How to insert random string data in mysql, mysql string
Application scenarios:
Sometimes it is necessary to test the records inserted into the database, so these scripts are very necessary.
Create a table:
CREATE TABLE `tables_a` ( `id` int(10) NOT NULL DEFAULT '0', `name` char(50) DEFAULT NULL, PRIMARY KEY (`id`)) ENGINE=InnoDB DEFAULT CHARSET=utf8;
Create a function that generates a random string:
set global log_bin_trust_function_creators = 1;DROP FUNCTION IF EXISTS rand_string;DELIMITER //CREATE FUNCTION rand_string(n INT)RETURNS VARCHAR(255)BEGIN DECLARE chars_str varchar(100) DEFAULT 'abcdefghijklmnopqrstuvwxyzABCDEFGHIJKLMNOPQRSTUVWXYZ0123456789'; DECLARE return_str varchar(255) DEFAULT ''; DECLARE i INT DEFAULT 0; WHILE i < n DO SET return_str = concat(return_str,substring(chars_str , FLOOR(1 + RAND()*62 ),1)); SET i = i +1; END WHILE; RETURN return_str;END //delimiter ;
Create a procedure for inserting a table, starting with the number of x. How many random numbers are generated by z and how many random numbers are generated by z?
delimiter // create procedure test(x int(10),y int(10),z int(10))begin DECLARE i INT DEFAULT x; while i<y do insert into tables_a values(i,rand_string(z)); set i=i+1; end whi
Mysql random data generation and insertion
Dblp databases only reference a small amount of information, with an average of 0.2 articles referenced in one paper. Reference information can be randomly added as mentioned in a paper on the experiment dataset using dblp. Inspired by this, I intend to add 20 random references to each paper, so I wrote the following SQL statement:
String SQL = "insert into citation (pId1, pId2) values (select pId from papers limit ?, 1), (select pId from papers limit ?, 1 ))";
Use preparedstatement to submit the database in batch mode.
The first parameter is the rowid of the paper, from 0 ~ N (N is the total row of papers ). The second parameter is the 20 non-repeated random numbers generated by Java. The value range is 0-N. The data is then nested in the for loop, and each pieces of data is submitted to the database once.
This code cleverly uses the limit feature to complete random tuple selection, which was originally a secret. I thought that all the select statements were handed over to the database, saving the need for multiple jdbc connections, which should be completed quickly. It takes up to 22 minutes to insert 10 million (10000*10) data records.

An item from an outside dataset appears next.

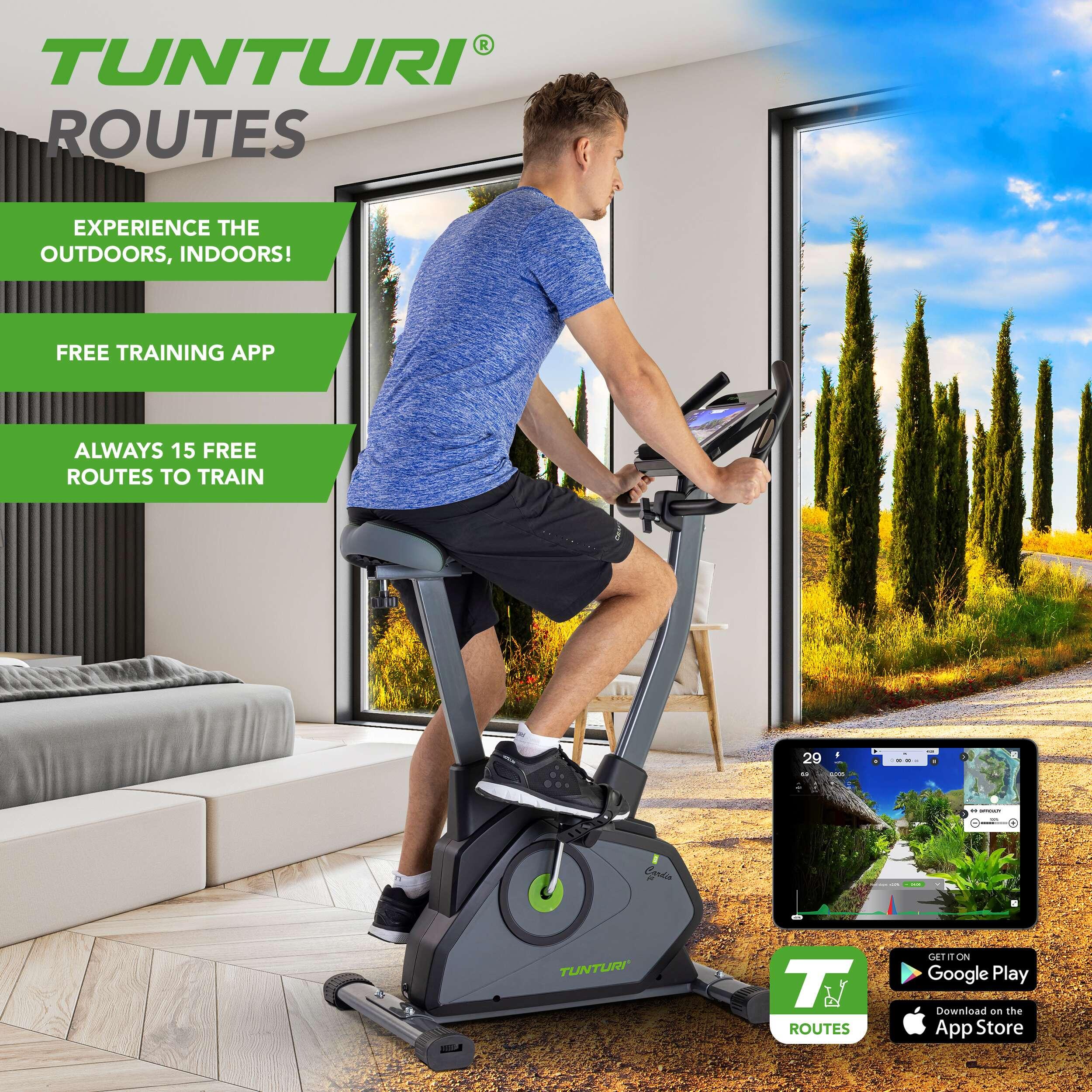 BICICLETA ESTATICA ERGOMETRO CARDIO FIT E35 TUNTURI. 6/7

The final experiment needs to insert million pieces of data, that is, it takes about 14 h.
As a result, I began to reflect and constantly write similar programs to find the time bottleneck, and finally locked in select limit. This operation consumes a lot of time. When limit was selected, the reason was that the number is randomly generated, and the number needs to be mapped to tuple, that is, corresponding to rowid. Because the primary key of the papers table is not an incremental int, therefore, the default rowid does not exist. Later, you can add an auto_increment temp column in the papers table, and then delete the citation column. In this way, the SQL statement is changed:
String SQL = "insert into citation (pId1, pId2) values (select pId from papers where temp = ?), (Select pId from papers where temp = ?)) ";
Insert 10 million data records again, which takes 38 s. The efficiency is greatly improved, but I don't know if further optimization is possible.